For two decades, Frank suffered from illnesses, including lung cancer, because of toxic exposure in Vietnam. Now, Claudia is left seeking survivor benefits, which VA has also stayed.
"He said 'You fought for me, and now you fight for you,'" Claudia said Tuesday. "Here I am, 78 years old, worried about how I will pay my bills ... How sad that the VA would let a veteran die with this burden looming over them. How shameful that they let my husband die, not knowing what would happen to his family ... This is wrong. I lost my husband, how much more will I lose?"
Claudia told Connecting Vets she thinks Frank would be "beaming" if he knew she was speaking up for him, and veterans like him.
"I know he'd be very proud," she said, tears in her eyes. "I know he's looking down on me."
House Veterans Affairs Committee Chairman Rep. Mark Takano, D-Calif., said repeated attempts to get information from VA on the stay have come up largely empty, and invitations to roundtable meetings have been refused.
"Is it really necessary to stay all of these claims, or can we help some of these veterans today?" Takano asked, adding that it is "cruel and unusual" for VA to make Blue Water Veterans wait.
Takano said Congress anticipates VA may need "hundreds of new employees" to do the work of processing Blue Water claims. "We asked VA what they need, but we're still waiting for an answer. In the meantime, Vietnam-era veterans are still sick and facing delays for their needed benefits and care."

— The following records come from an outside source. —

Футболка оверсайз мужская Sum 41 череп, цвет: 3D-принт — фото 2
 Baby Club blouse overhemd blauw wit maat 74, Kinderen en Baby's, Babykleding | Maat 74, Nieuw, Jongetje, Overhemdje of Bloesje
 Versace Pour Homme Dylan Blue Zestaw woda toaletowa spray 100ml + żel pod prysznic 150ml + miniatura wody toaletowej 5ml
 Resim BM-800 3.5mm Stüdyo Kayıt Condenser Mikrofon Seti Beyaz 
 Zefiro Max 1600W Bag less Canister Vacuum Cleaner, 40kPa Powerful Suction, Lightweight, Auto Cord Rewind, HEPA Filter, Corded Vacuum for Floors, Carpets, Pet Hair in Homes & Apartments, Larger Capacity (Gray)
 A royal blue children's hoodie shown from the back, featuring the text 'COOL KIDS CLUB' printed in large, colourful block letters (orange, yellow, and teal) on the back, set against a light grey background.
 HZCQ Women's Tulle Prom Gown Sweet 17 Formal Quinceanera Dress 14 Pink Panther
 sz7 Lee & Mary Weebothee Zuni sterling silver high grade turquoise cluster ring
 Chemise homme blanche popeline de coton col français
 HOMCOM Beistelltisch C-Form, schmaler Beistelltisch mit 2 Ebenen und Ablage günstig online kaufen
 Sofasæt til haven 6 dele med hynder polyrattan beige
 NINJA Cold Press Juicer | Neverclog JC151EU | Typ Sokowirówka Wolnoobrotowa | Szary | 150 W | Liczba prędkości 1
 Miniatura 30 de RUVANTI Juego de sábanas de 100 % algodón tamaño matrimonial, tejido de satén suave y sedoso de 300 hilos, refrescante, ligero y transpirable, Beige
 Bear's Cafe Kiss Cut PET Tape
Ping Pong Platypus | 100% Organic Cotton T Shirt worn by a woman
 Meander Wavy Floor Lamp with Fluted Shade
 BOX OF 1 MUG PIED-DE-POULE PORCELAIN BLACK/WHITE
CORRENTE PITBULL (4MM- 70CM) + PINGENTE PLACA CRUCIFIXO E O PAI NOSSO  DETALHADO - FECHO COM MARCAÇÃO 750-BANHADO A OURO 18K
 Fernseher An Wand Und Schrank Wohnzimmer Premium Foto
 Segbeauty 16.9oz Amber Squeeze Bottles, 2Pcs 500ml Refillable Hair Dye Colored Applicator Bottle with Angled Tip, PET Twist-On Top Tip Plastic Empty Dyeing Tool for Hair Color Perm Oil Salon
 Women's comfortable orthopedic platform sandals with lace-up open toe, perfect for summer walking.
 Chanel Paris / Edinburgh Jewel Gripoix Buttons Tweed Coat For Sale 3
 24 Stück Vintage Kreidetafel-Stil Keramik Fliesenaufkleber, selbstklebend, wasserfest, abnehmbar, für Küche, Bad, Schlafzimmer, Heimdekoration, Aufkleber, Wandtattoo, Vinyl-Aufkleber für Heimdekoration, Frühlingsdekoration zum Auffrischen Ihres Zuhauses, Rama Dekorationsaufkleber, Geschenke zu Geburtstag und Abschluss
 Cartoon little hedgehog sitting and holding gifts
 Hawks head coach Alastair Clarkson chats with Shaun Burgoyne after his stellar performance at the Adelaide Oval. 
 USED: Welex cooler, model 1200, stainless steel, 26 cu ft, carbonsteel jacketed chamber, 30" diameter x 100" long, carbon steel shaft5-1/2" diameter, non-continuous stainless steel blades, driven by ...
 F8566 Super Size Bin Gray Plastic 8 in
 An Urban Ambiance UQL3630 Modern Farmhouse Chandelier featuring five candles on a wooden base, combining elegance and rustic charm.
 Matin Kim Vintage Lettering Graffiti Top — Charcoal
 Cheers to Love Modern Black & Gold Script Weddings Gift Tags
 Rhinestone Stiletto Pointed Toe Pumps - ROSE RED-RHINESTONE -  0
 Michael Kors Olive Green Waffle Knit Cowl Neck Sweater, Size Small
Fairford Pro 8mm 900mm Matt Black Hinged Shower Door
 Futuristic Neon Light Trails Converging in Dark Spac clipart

"These veterans bravely served this country in Vietnam but they're still awaiting recognition for their service and for the benefits they've earned and they and their families are entitled to," Sen. Jon Tester, D-Mont., said at the "End the Wait" press conference outside the Capitol, Tuesday. "Now we have to make sure the VA keeps up its end of the bargain by actually issuing the benefits that are due these veterans."
"We're all here today because we're concerned," Tester said of the members of Congress, veterans service organizations and media gathered in front of the Senate steps. "But I don't know that I feel that same level of concern from the VA."
VA has also "dragged their feet" on adding other illnesses to the list of presumptive health care concerns for Vietnam veterans that qualify for benefits.
"We've already seen the toll taken on Blue Water Navy veterans forced to wait decades," Tester said. "Veterans suffering from these service-related illnesses shouldn't have to wait another day. Time is of the essence."